▸ THE INPUT:
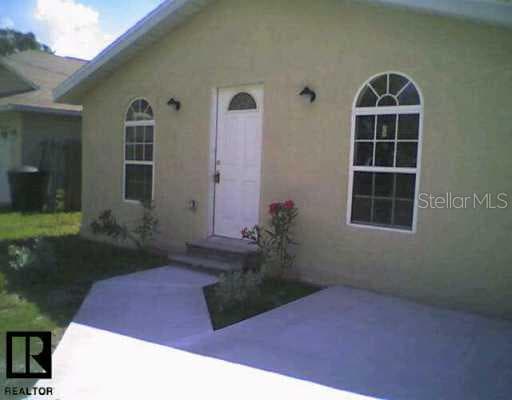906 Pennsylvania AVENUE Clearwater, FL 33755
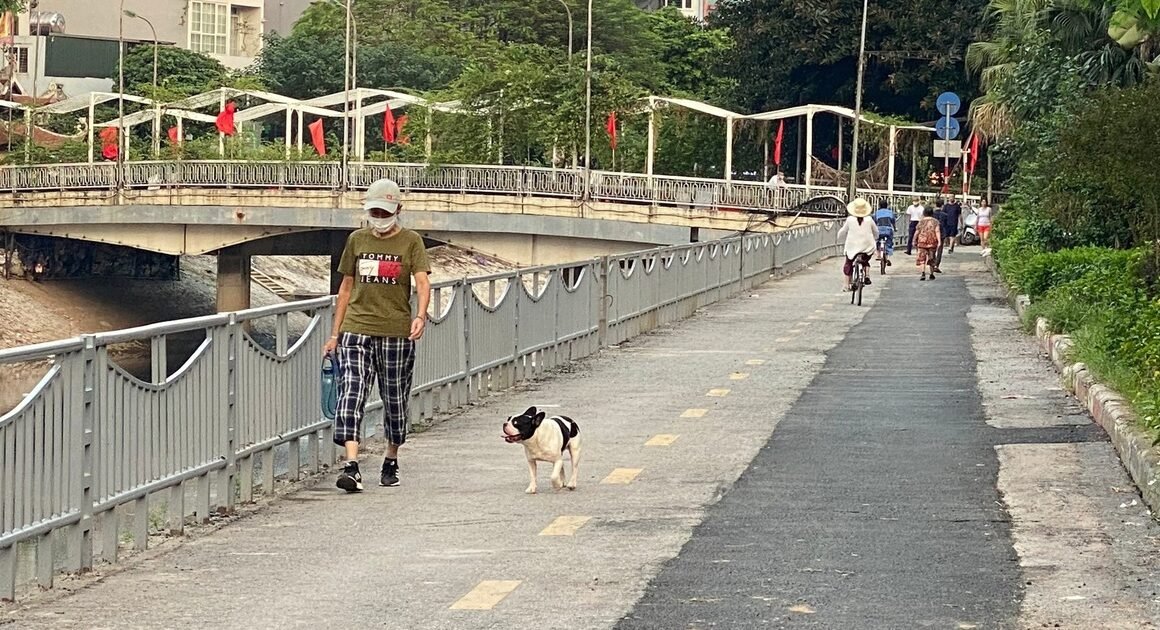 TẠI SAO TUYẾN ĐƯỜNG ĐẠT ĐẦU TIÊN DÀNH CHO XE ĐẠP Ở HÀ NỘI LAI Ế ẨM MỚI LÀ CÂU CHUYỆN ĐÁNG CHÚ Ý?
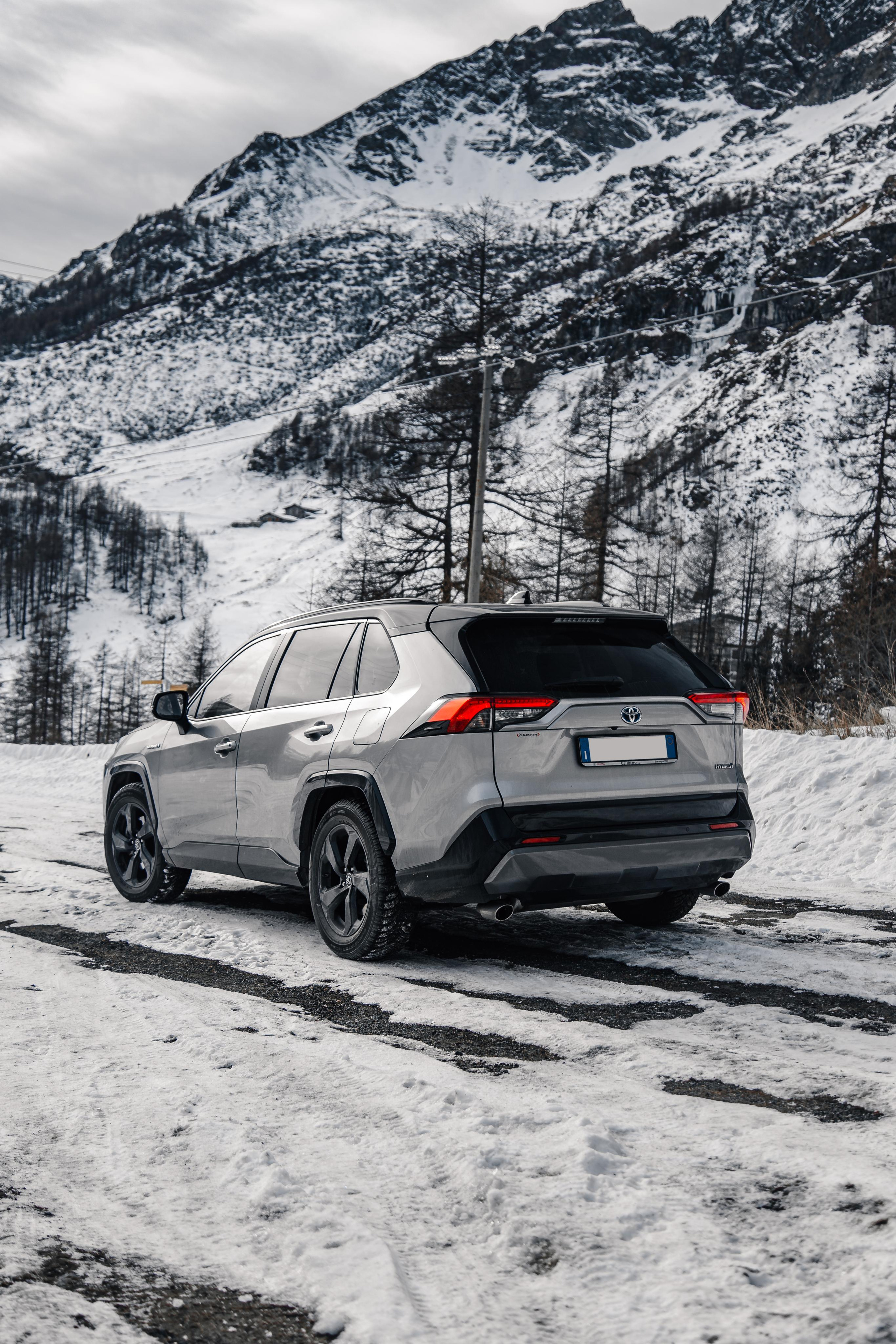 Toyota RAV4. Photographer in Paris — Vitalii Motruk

...

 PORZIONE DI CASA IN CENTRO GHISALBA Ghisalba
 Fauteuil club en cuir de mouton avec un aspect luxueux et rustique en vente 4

▸ EXERCISE AIM:
In the entries above, every line from the line with "906 Pennsylvania AVENUE Clearwater, FL 33755" to the line with "Toyota RAV4. Photographer" is to be printed exactly, with both ends included and pictures excluded.

▸ SOLUTION TO THIS EXERCISE:
906 Pennsylvania AVENUE Clearwater, FL 33755
 TẠI SAO TUYẾN ĐƯỜNG ĐẠT ĐẦU TIÊN DÀNH CHO XE ĐẠP Ở HÀ NỘI LAI Ế ẨM MỚI LÀ CÂU CHUYỆN ĐÁNG CHÚ Ý?
 Toyota RAV4. Photographer in Paris — Vitalii Motruk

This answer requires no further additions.